As long as we have dirtbags like Rod Blagojevich in high places we will never recover. Our country is ran by dirty crooks who have finally bled us dry. It is too easy to take advantage of power. CEO’s are earning millions while bankrupting America, hugh companies are posting losses when they should have profits. Where is the money?
It’s in someone’s pocket and it damn sure ain’t Joe Taxpayer.
Recovery isn’t even on the radar right now, and it’s not because of the frozen credit markets, or the price of housing, or anything of the sort. We can’t have a real and sustained economic recovery until we get rid of our inept rulers.
My education consisted mostly of hard science courses (Math and Physics). I have a friend with a similar background who chose to go for an MBA. He was appalled at the mental indigence he was confronted to in business school. He chose to pretend he believed in the malarkey of Reaganomics long enough for his professors to give him that diploma. But how many of his classmates didn’t have to fake it and truly believed that free trade and deregulation would get us to Dow 36,000 in the next ten years? Those people were in charge before the debacle and to a large extend helped cause it. But just because their world collapsed doesn’t mean they’re ready to see the light. They rationalize that it wasn’t really their misguided ideals that lead us down this road. No, “it was Clinton” or “the Community Reinvestment Act did it”. Any recovery will be short lived because those people are ready to do it all over again.

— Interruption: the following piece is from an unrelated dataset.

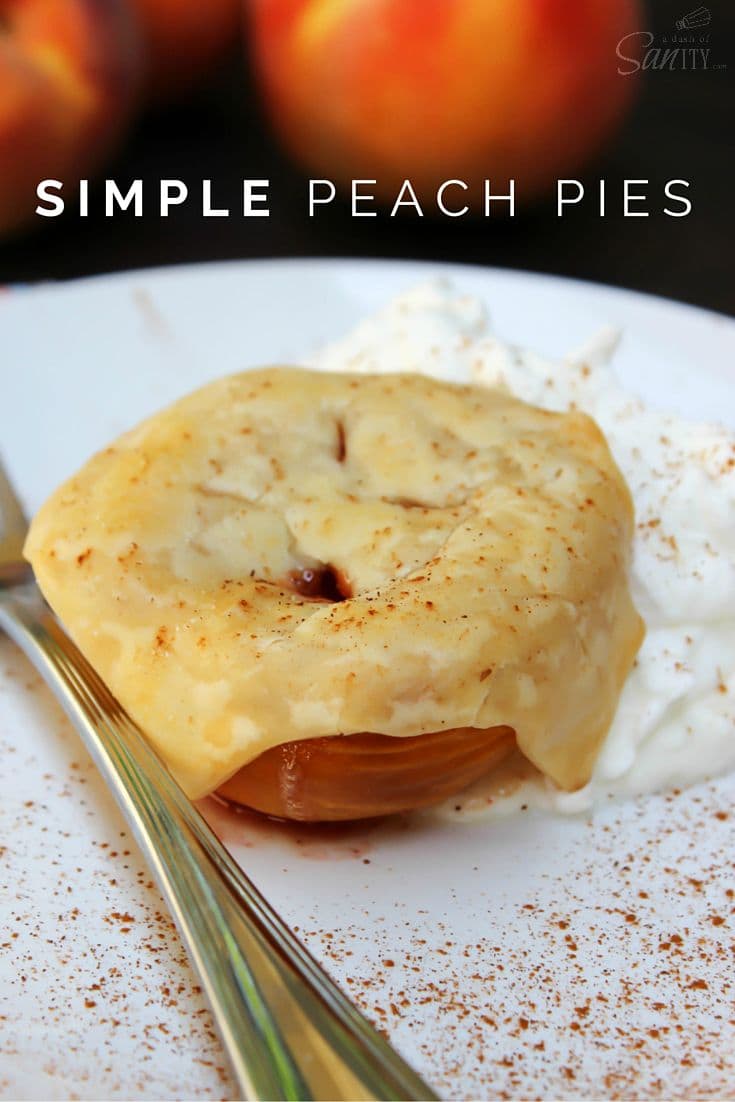 Simple Peach Pies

Combining the effects of job loss (lack of personal purchasing power) and lack of loans (further lack of purchasing power) combined with a potential liquidity trap (desire to hoard money rather than spend it) and it seems pretty clear that nobody is going to buy houses or cars any time soon.

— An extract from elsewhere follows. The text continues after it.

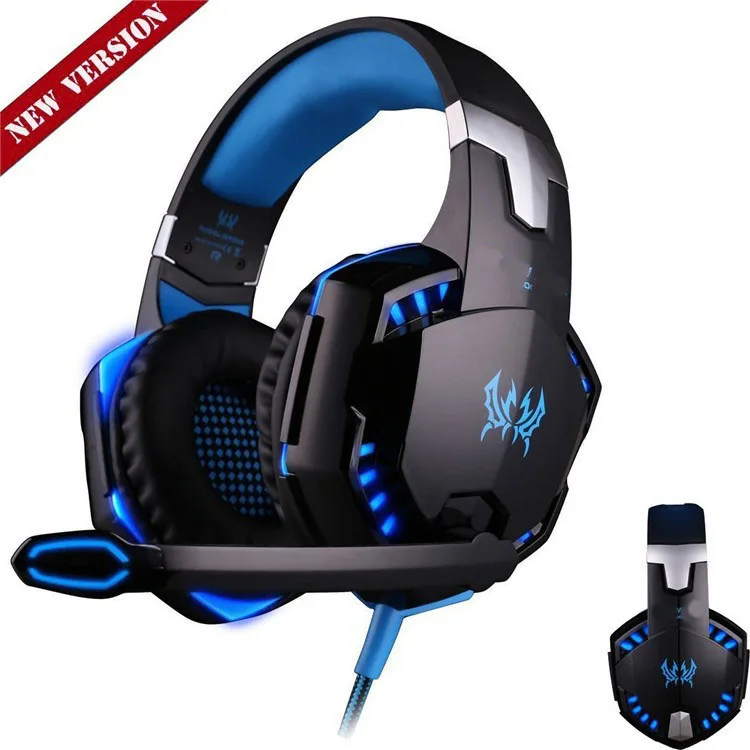 Лучший PC Gamer casque EACH G2000 стерео Hifi игровые наушники с микрофоном Dazzle Lights светящиеся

If nobody buys houses or cars, there isn’t a whole lot that can happen to pull us out of this recession in the short term. Even the “experts” that were predicting a short recession are now admitting the recovery may not start until 2010 and even then it may be very very weak.
I don’t think we’re anywhere near the end of this recession. Any play on a recovery is premature.
The economic causes of this recession still exist. There’s still excessive leverage and banks aren’t lending. Businesses are responding by hoarding their cash. Consumers are hoarding their cash. The stimulus plans are still 6 months, or more, away from actually delivering any liquidity into the economy.
We just haven’t hit rock bottom, yet. When the last dot-com-esque day traders stop running up shares like this, we’ll know we’ve hit bottom. There has to be a feeling that all hope is lost.
Even then, I don’t expect stocks to return to their sky-high PE ratios. Just like the almost certain expectation of higher gas prices causing the continued demand for small cars, there’s going to be a similar lingering psychology of viewing the stock market as risky.